I wait for you tests, but I wanted to share with you that little happiness

That is the original verbose output
Command: vsearch --sortbysize /lustre2/scratch/tmp/tmpthopu39h --xsize --output /lustre2/scratch/tmp/q2-DNAFASTAFormat-gzqu60t0
vsearch v2.7.0_linux_x86_64, 70.6GB RAM, 12 cores

Reading file /lustre2/scratch/tmp/tmpthopu39h 100%
73054219 nt in 160286 seqs, min 302, max 596, avg 456
Getting sizes 100%
Sorting 100%
Median abundance: 1
Writing output 100%
Saved FeatureTable[Frequency] to: table-cr-85.qza
Saved FeatureData[Sequence] to: rep-seqs-cr-85.qza
Saved FeatureData[Sequence] to: unmatched-cr-85.qza

I am now adding results regarding unmatched sequences:
`

unzip -d unmatched_seq unmatched-cr-85.qza
...  
 less dna-sequences.fasta | grep ">" | wc -l
  160286

unzip -d repseqs  rep-seqs-cr-85.qza
...
less dna-sequences.fasta | grep ">" | wc -l
1541

If I am understanding that correctly I see a very low number of matched sequences, isn't it? If compared with the file of unmatched
Thanks a lot
Michela

thermokarst · April 17, 2020, 11:53pm

Just a quick update - I have been working on this a bunch this week - I'll provide more details later, but I think you identified a pretty severe performance bug in the closed reference clustering algorithm. More soon!

MichelaRiba · April 18, 2020, 8:21am

Hi,

Thanks a lot for your feedback, very kind of you. I am looking forward to your updates!

I was pretty detached those past days since I was helping grant application writing, but I'm going to be "more practically" involved again pretty soon

Have a nice weekend

Michela

thermokarst · April 28, 2020, 2:18pm

Hi @MichelaRiba! Okay, time for that update that I promised. I started working on a simple analysis using the dataset provided here (link). First, I did a de novo clustering - it was quickly done. Then I moved on to closed-reference clustering - I observed the same issue you found - vsearch is complete rather quickly (maybe 10-20 minutes), but then something is hung up and going crazy slow. I began a detailed debugging, and identified a huge performance bug in the q2-vsearch code. I owe you an apology - thank you for sticking with it! Basically, the bug only presents itself in certain cases - namely when you have many many many unique features, before clustering. I have submitted a patch (link), and the current plan is for this to be included in the upcoming QIIME 2 2020.5 release (link). I think at this point there is no need for your attempt to reproduce. Thank you again for your perseverance, this was a hard one to diagnose and reproduce! Thanks!

:qiime2:

MichelaRiba · April 28, 2020, 3:25pm

Hi,
thanks a lot for this!
That was an interesting thing for me because actually it went to an end so this was functioning!
I am really enthusiastic for this and I thank you really for your patience and consideration.
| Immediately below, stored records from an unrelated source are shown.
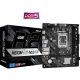  ASRock H610M-H2/M.2 D5 alaplap (90-MXBML0-A0UAY) 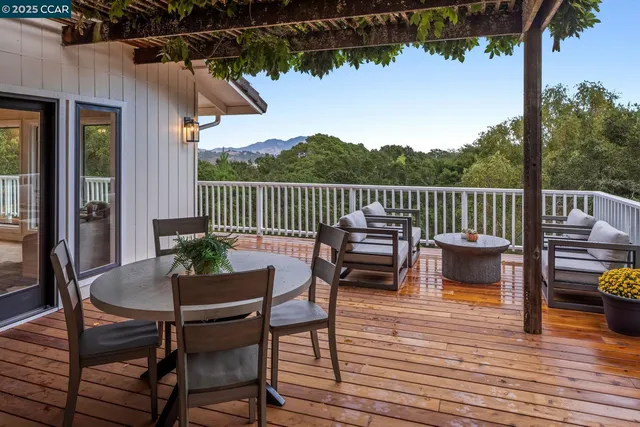 $2,795,000 | 4500 Canyon Road, Lafayette, CA 94549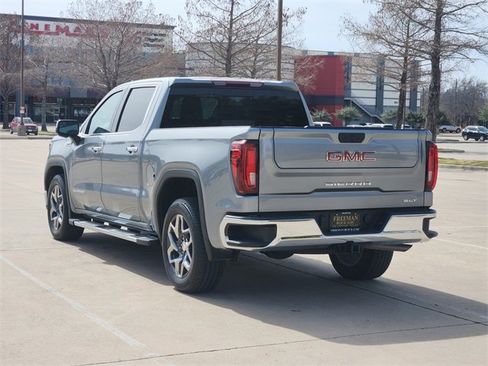 Used 2023 GMC Sierra 1500 SLT image 7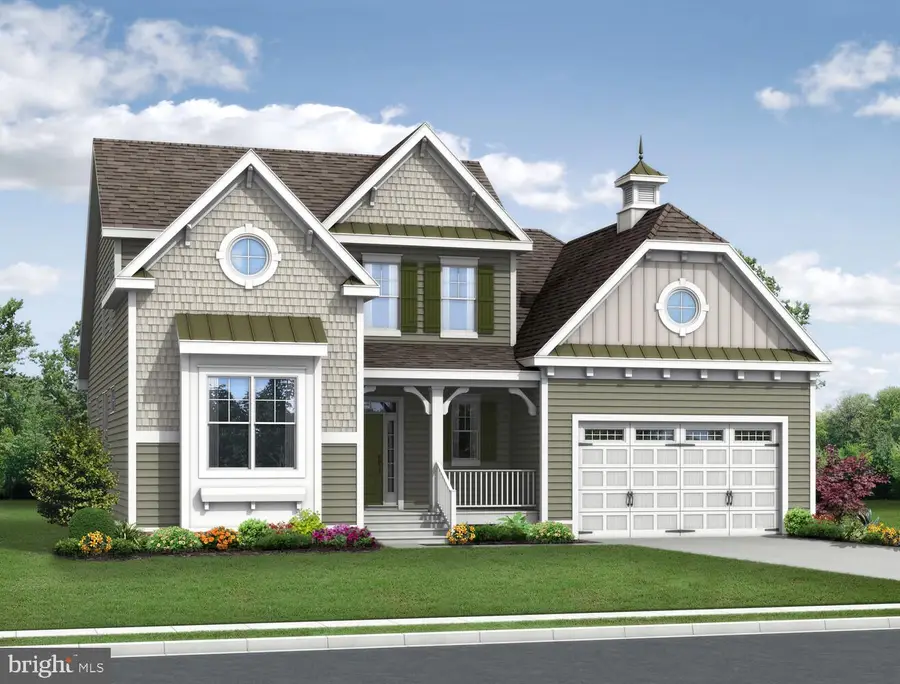 21054 Pisco Dr, Milford, DE 19963 - #2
I would just point a minimal thing:
Are you planning to put that patch also in the open reference vsearc OTU picking? That would be great, if it is already in, great indeed!
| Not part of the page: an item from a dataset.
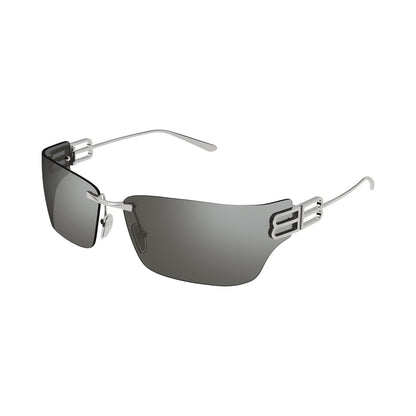 BB0485SA-003 76 Sunglass UNISEX METAL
thermokarst · April 28, 2020, 3:37pm

Yes! The open-reference command is what we call a "Pipeline" in QIIME 2 - it is made up of other QIIME 2 actions, so, any changes to closed-ref will automatically be included in the open-ref pipeline!

:qiime2:

MichelaRiba · April 28, 2020, 4:25pm

Hi,
That's fantastic.

I think I am going to ask our system manager to install the new version
QIIME 2 2020.5 (when it will be finalised)

and move to using

thanks a lot!
Michela

system · May 29, 2020, 10:25pm

This topic was automatically closed 31 days after the last reply. New replies are no longer allowed.